I was delighted to discover recently that an old friend has been made a bishop. The Revd. Guli Francis-Dehqani has been chosen to  be  the first Bishop of Loughborough, a suffragan bishopric within the Diocese of Leicester. The position was created not only to ease the burden on the diocesan bishop but to exercise a particular ministry amongst black and  minority ethnic communities which are well established and numerous in both Leicester and Loughborough.  Guli herself has British and Persian heritage. Her mother was the daughter of a CMS missionary bishop who worked in Iran and her father was a Persian convert to Christianity who went on to become the Bishop of the Church in Iran and subsequently presiding bishop of the Anglican Province of Cyprus and the Middle East. His name was Hassan Deqhani-Tafti  and his life was characterised  by  stedfast faith, gentleness, suffering and exile. I was privileged to know him in his later years in which he lived in Basingstoke and exercised a ministry as an assistant bishop in the Diocese of Winchester.  I became well acquainted with his family story and he did me the great kindness of preaching at my ordination to the priesthood, a sermon in which he was at pains to stress the uniqueness of Christ, a theme which, as a convert, was especially dear to his heart.

Converts to Christianity in Muslim countries have always risked rejection by family and friends so declaring faith in Christ and being baptised is never undertaken without both heartfelt conviction and careful consideration of the consequences. That was certainly how it was for Hassan who once told me that  he was irrevocably drawn to Christ through knowledge of the grace of God, this being true refreshment for the soul after growing up in a religious culture characterised by law and commandment.  Hassan found a new family in Christ and this was reinforced by his marriage to Margaret, the daughter of William Thompson, then missionary bishop in Iran and Hassan’s mentor. In due course Hassan succeeded his father in law and through that combination of stedfast faith and gentleness gained considerable respect amongst Muslim scholars and a degree of acceptance by the regime of the Shah. All this changed suddenly in 1979. The Iranian Revolution, initially welcomed by Hassan as a corrective to the corruption of the old regime, soon turned nasty and spawned the kind of fanaticism with which we’re all too familiar today.  Converts from Islam found themselves in danger of their lives and the Dehqani-Tafti’s nearly died when  a gunman burst into their bedroom and unleashed a volley of fire.
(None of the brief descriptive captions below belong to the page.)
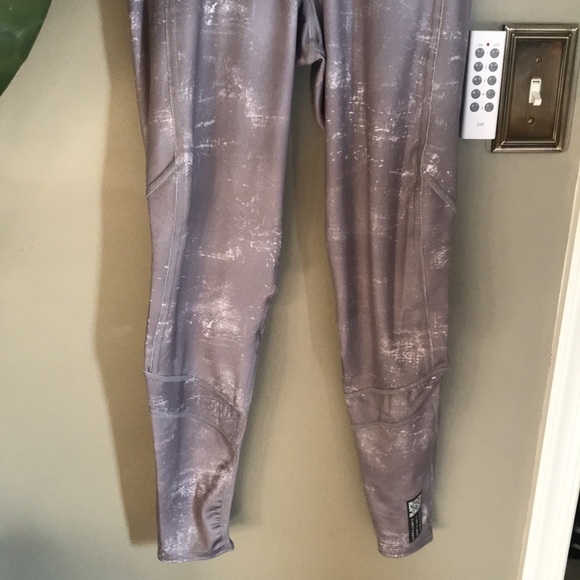 Brand New Adidas Mid Rise 7/8 Gray Reflective Running Workout Leggings - Picture 5 of 16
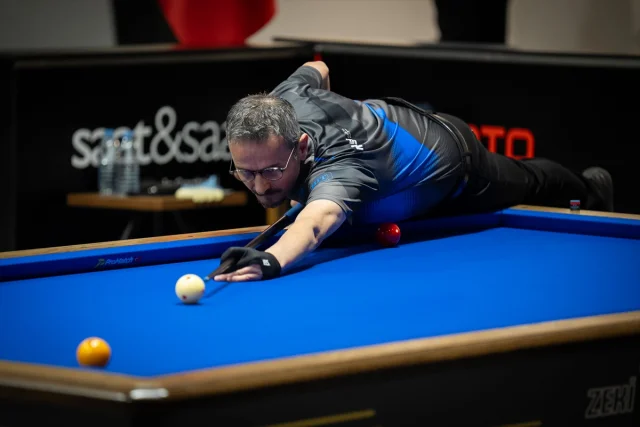 3 Bant Bilardo'da Sezonun Şampiyonu Tolgahan Kiraz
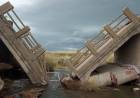 SE DERRUMBÓ EL PUENTE ENTRE ARROYO VENADO Y CARHUÉ Y LOS VECINOS QUEDARON AISLADOS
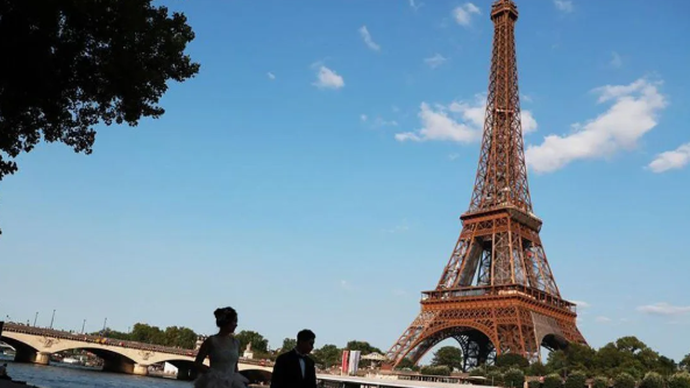 Arsip - Foto tidak bertanggal ini menunjukan pasangan pengantin berada di kawasan Menara Eiffel di Paris, Prancis. (ANTARA/Xinhua/aa.)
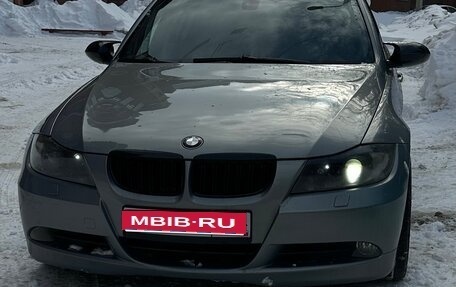 BMW 3 серия, 2005 год, 835 000 рублей, 1 фотография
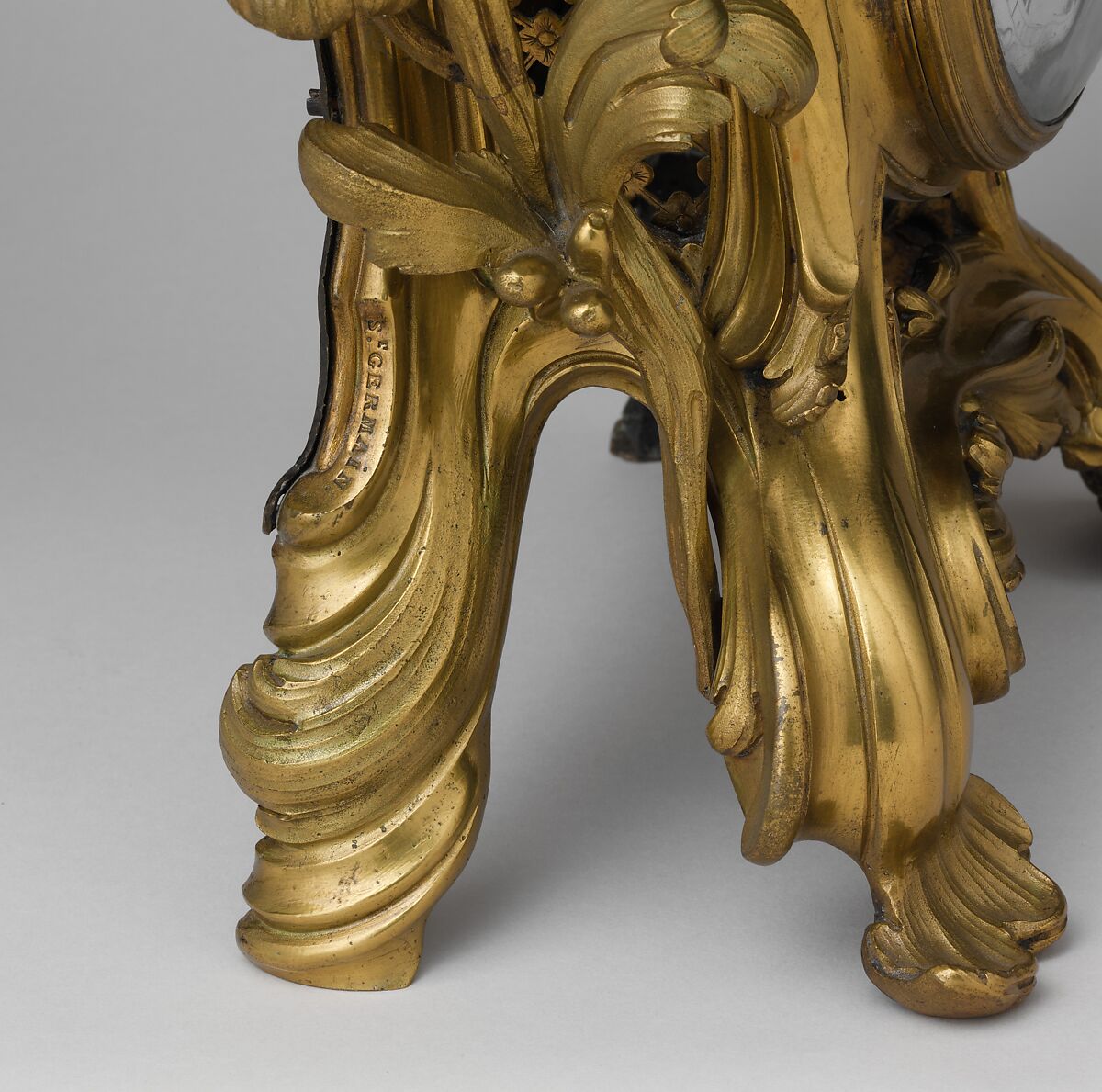 Mantel clock (pendule à console), Clockmaker: probably Jean-Philippe Gosselin (French, recorded as master in Paris 1717, died 1766), Case: bronze, formerly gilded, silvered or lacquered; dial: white enamel, with black numerals; movement: brass and steel, French, Paris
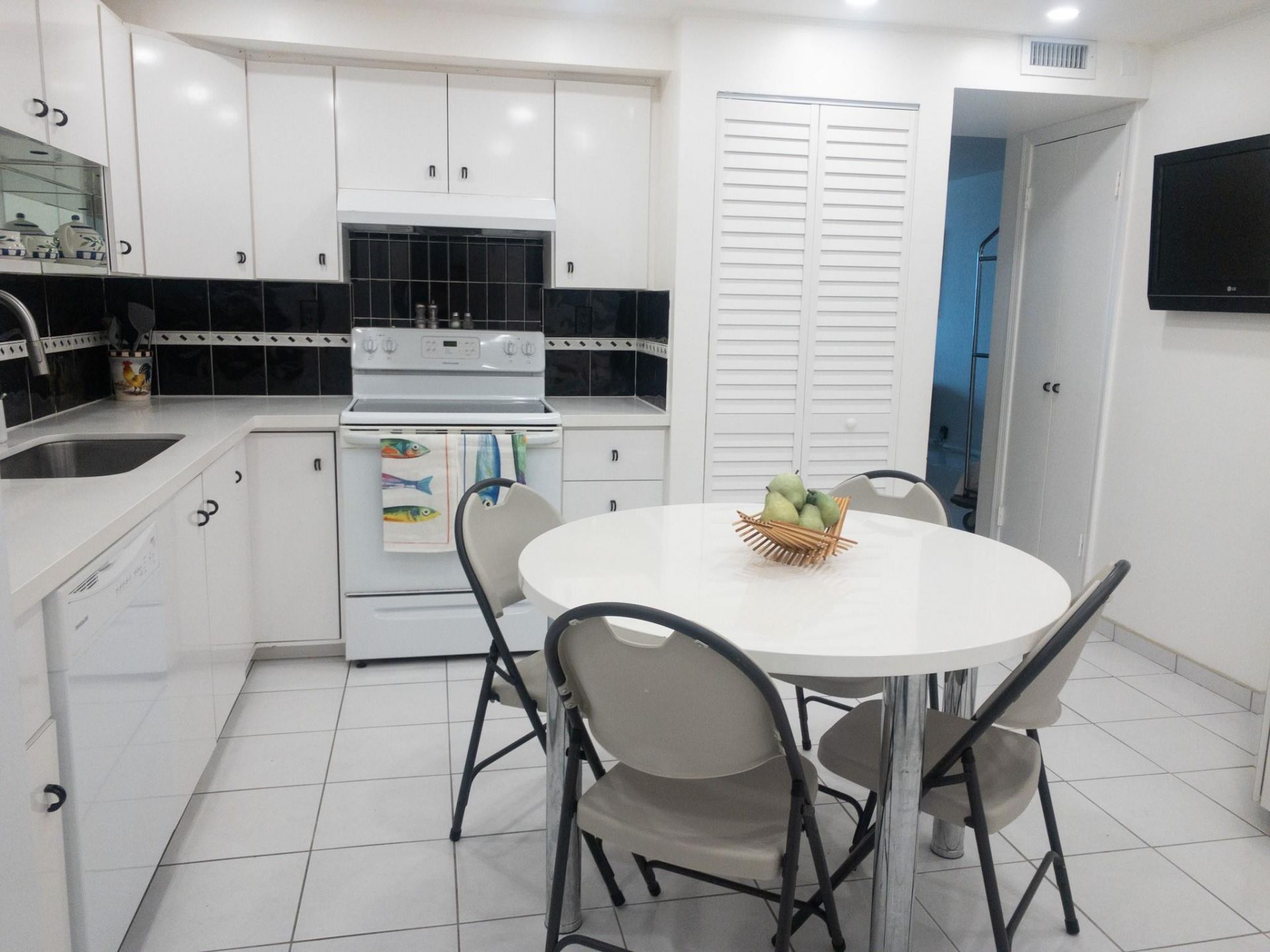 1370 S Ocean Boulevard S, Unit 1403, Pompano Beach, FL 33062 Photo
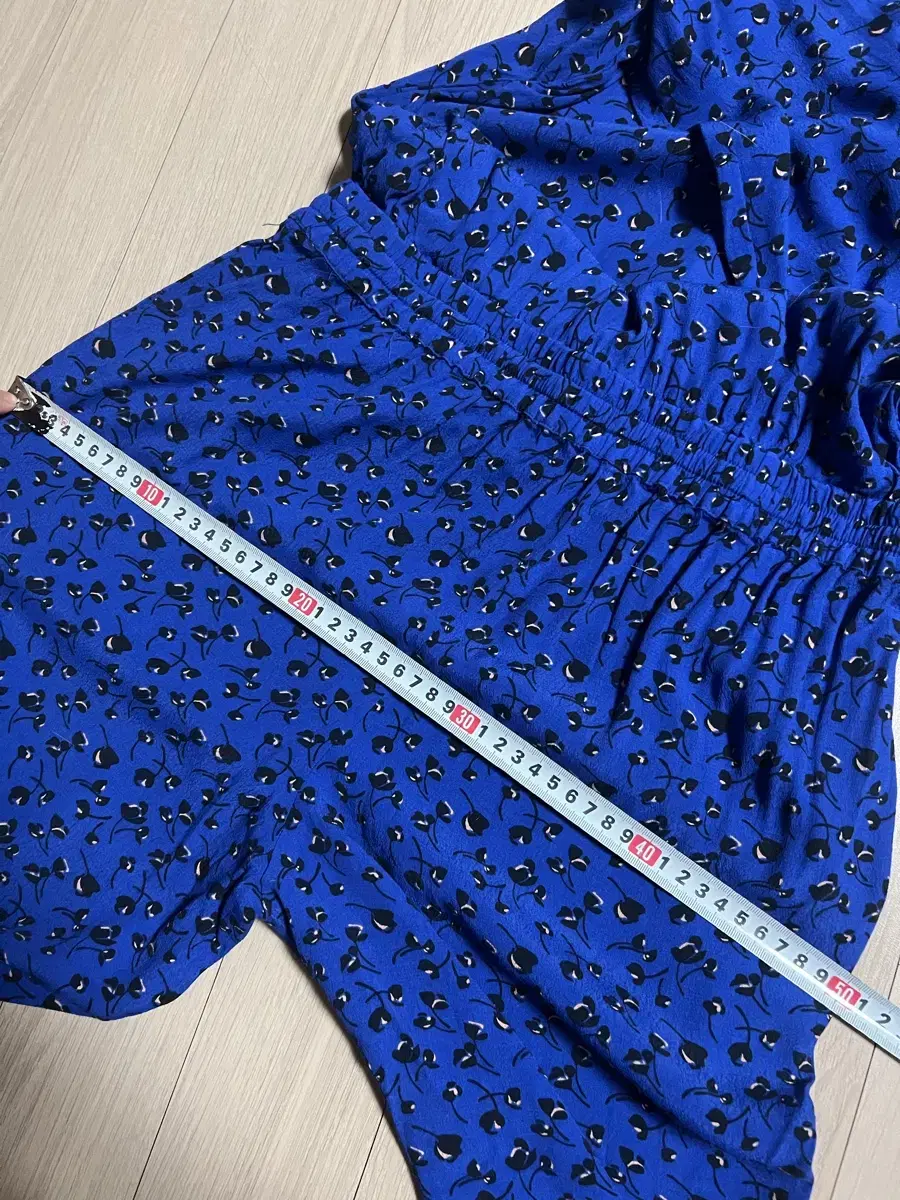 Product Details - 10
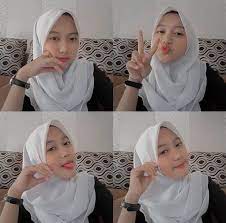 Dia bergaya memakai kaus kaki yang dipadukan dengan rok atau dress mini. Gaya Selfie Hijab Imut Dapur Bengkulu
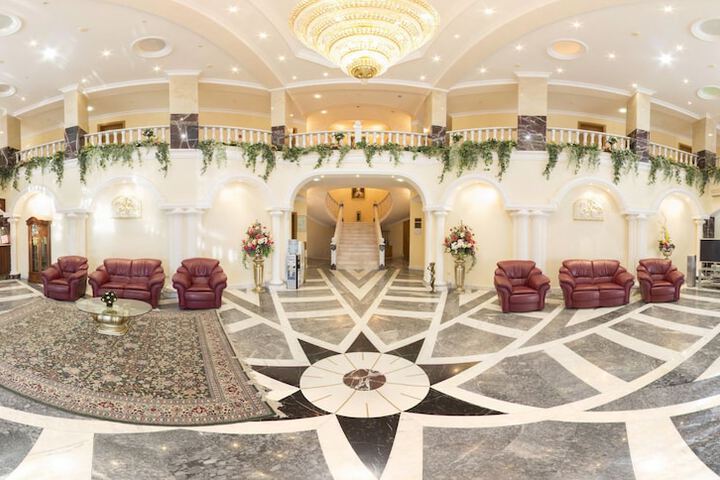 Ballroom/Hall 21 of 24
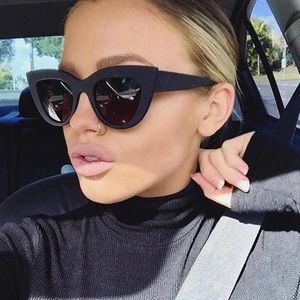 Matte Black Retro Cat Eye Oversized Sunglasses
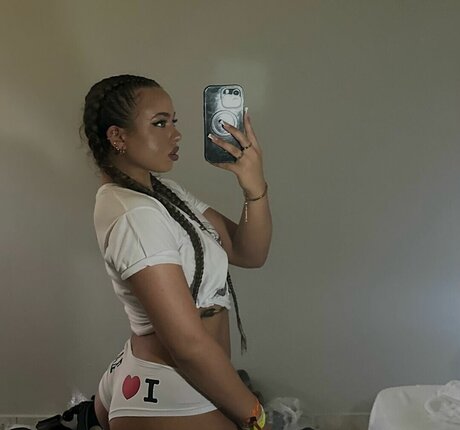 Olivia Alex Profile pic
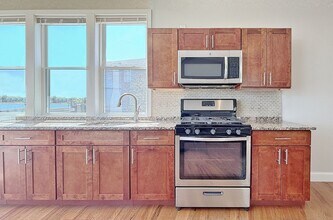 1043 Winthrop Ave in Revere, MA - Building Photo - Building Photo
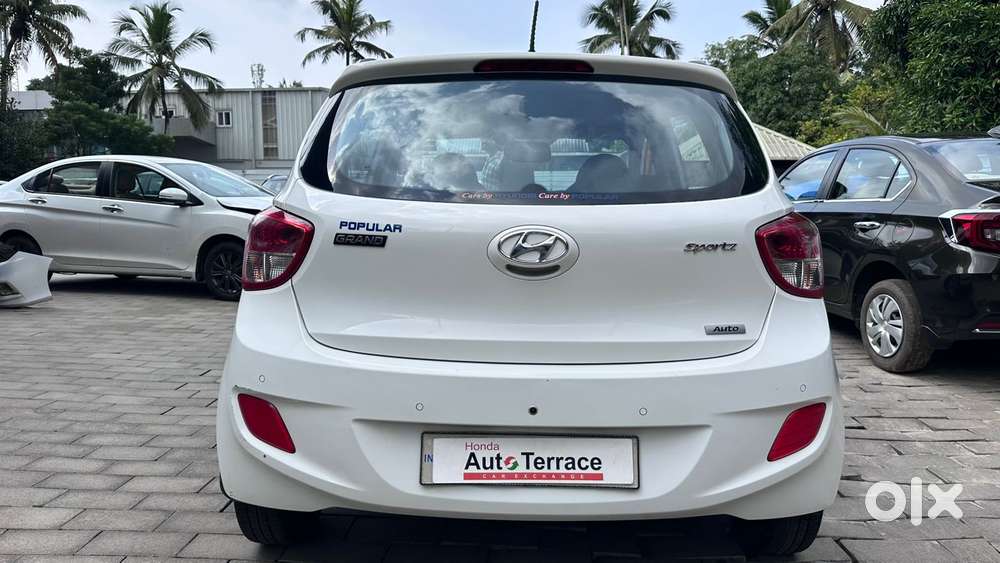 Hyundai Grand I10 At Sportz, 2014, Petrol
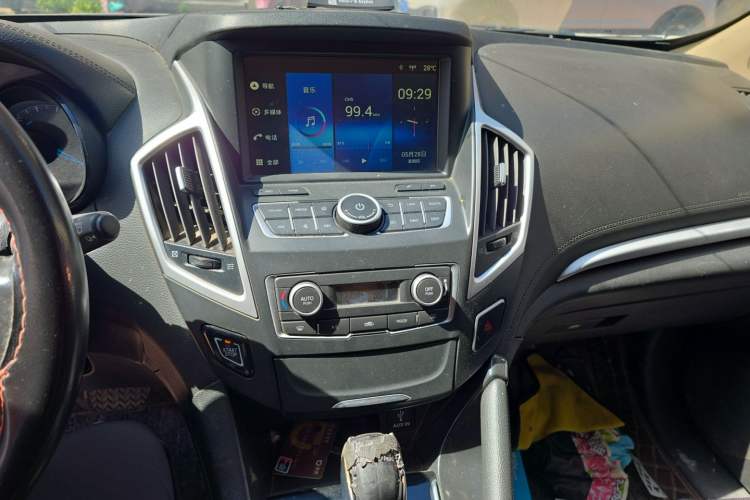 Used Dongfeng Aeolus AX7 2015 2.0L Automatic Zhiyi Trim Audio And AC Panel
Remarkably they were unharmed though the pillow on which they lay was riddled with bullets. In spite of such horrors Hassan continued his ministry amongst the Anglican congregations in Iran and to oversee the affairs of the wider province until the death of his son Bahram, murdered at the hands of extremists. That crushing blow and the danger faced by the rest of his family effectively forced the Dehqani-Tafti’s into exile in England.

In spite of their suffering Hassan and Margaret never gave way to bitterness and continued to exercise a loving ministry to the Persian congregation in London and amongst churches in the Diocese of Winchester and further afield. Hassan translated spiritual and theological texts into his native tongue for the benefit of Christians at home and set about writing an autobiography, ever keen to recount his experience of the graciousness of God. His youngest daughter Guli  (Persian for Little Flower) married an Irishman, Lee Francis who, like me, trained for ordination at Salisbury and Wells Theological College. Several years later Guli herself was ordained and whilst Lee dedicated himself to parochial ministry – he is Rector of Oakham in Rutland – Guli’s ministry has focussed around nurturing the ministry of others as a Dean of Women’s Ministry and a Diocesan Director of Ordinands.  At her consecration at Canterbury Cathedral on 30th November her family will have its third successive generation of Bishop and the leadership of the  Church of England will welcome to its ranks a person in whom those many qualities that distinguished her father are writ large. Sadly, Hassan and Margaret are no longer here to share in the joy of the occasion. I’m sure they are rejoicing with us  amongst  that great congregation of the faithful upon another shore.